EXERCISE DESCRIPTION: Stopping at the line that holds "Дизайнерский пластиковый чехол", repeat the lines below exactly, starting from the very first and including that final line.
========
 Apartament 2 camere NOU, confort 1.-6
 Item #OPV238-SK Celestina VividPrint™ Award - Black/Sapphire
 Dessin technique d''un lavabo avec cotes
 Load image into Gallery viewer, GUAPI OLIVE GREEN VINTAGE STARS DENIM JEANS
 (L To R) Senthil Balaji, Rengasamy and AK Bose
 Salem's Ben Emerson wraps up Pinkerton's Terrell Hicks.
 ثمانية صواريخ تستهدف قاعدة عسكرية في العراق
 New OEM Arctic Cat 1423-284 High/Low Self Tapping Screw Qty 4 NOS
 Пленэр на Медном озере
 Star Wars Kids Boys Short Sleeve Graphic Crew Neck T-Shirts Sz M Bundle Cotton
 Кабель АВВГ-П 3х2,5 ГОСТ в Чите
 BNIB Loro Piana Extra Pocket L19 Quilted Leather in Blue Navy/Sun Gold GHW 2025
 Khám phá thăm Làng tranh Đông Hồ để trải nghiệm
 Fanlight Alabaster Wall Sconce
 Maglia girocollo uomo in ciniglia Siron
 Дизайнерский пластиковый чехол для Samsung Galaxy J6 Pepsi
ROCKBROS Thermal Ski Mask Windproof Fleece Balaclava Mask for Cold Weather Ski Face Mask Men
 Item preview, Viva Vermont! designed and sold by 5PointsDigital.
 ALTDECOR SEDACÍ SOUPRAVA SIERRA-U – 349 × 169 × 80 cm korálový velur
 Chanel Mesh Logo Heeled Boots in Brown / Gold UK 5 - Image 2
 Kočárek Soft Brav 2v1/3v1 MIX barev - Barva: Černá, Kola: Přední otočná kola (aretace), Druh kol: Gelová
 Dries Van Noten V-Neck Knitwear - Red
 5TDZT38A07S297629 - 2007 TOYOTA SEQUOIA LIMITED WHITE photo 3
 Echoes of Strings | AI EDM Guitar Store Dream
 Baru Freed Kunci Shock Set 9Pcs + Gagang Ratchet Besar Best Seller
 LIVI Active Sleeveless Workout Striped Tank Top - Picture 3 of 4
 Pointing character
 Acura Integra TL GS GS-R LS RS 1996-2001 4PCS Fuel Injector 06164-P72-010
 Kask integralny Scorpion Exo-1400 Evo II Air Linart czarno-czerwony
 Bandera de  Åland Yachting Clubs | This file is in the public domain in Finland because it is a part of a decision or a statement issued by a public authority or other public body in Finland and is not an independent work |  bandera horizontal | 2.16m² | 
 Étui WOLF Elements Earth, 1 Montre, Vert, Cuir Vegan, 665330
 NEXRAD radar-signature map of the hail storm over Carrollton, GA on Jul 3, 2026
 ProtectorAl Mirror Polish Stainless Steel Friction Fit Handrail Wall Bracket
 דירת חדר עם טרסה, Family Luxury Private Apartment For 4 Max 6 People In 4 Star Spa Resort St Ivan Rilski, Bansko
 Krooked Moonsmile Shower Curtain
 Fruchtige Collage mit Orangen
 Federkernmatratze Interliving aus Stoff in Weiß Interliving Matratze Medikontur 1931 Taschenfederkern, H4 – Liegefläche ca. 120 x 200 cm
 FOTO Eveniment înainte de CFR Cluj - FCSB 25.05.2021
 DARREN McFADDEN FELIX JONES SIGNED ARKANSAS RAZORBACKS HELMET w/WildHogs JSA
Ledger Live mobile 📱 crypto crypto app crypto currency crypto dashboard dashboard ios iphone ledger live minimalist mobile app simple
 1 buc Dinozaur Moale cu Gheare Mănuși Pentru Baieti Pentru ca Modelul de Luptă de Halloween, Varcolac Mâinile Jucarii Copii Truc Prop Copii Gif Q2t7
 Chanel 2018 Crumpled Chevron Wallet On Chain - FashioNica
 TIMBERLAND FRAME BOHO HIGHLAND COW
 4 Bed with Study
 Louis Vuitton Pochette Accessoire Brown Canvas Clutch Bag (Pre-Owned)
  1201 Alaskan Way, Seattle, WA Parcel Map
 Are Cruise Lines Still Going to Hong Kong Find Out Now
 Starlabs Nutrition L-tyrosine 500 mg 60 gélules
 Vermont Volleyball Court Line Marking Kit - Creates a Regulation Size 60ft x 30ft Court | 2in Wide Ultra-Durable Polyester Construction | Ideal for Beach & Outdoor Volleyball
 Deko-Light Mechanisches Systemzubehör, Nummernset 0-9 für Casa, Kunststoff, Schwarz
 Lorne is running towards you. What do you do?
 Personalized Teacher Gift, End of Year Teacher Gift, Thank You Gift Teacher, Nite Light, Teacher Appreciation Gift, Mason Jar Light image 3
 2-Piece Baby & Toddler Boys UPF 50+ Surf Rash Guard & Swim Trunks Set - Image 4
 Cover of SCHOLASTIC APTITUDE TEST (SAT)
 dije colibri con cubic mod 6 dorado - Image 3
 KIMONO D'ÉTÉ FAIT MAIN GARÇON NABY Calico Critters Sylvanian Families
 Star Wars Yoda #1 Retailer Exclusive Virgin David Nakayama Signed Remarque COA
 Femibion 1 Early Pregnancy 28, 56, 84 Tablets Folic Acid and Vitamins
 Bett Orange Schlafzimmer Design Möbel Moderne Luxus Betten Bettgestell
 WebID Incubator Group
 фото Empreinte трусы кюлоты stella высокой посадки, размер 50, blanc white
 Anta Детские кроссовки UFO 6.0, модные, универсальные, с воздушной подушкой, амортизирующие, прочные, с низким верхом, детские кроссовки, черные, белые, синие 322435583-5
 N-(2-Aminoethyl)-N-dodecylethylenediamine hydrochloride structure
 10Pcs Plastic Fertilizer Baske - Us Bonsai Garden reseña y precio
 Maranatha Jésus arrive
========
EXERCISE OUTPUT:
 Apartament 2 camere NOU, confort 1.-6
 Item #OPV238-SK Celestina VividPrint™ Award - Black/Sapphire
 Dessin technique d''un lavabo avec cotes
 Load image into Gallery viewer, GUAPI OLIVE GREEN VINTAGE STARS DENIM JEANS
 (L To R) Senthil Balaji, Rengasamy and AK Bose
 Salem's Ben Emerson wraps up Pinkerton's Terrell Hicks.
 ثمانية صواريخ تستهدف قاعدة عسكرية في العراق
 New OEM Arctic Cat 1423-284 High/Low Self Tapping Screw Qty 4 NOS
 Пленэр на Медном озере
 Star Wars Kids Boys Short Sleeve Graphic Crew Neck T-Shirts Sz M Bundle Cotton
 Кабель АВВГ-П 3х2,5 ГОСТ в Чите
 BNIB Loro Piana Extra Pocket L19 Quilted Leather in Blue Navy/Sun Gold GHW 2025
 Khám phá thăm Làng tranh Đông Hồ để trải nghiệm
 Fanlight Alabaster Wall Sconce
 Maglia girocollo uomo in ciniglia Siron
 Дизайнерский пластиковый чехол для Samsung Galaxy J6 Pepsi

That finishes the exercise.